• [Task objective]:
The whole listing that follows should be printed again, unchanged.

• [Supplied data]:

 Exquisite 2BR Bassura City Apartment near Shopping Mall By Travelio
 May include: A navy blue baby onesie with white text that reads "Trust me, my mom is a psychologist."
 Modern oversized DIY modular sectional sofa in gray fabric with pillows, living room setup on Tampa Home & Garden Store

• [Task solution]:
 Exquisite 2BR Bassura City Apartment near Shopping Mall By Travelio
 May include: A navy blue baby onesie with white text that reads "Trust me, my mom is a psychologist."
 Modern oversized DIY modular sectional sofa in gray fabric with pillows, living room setup on Tampa Home & Garden Store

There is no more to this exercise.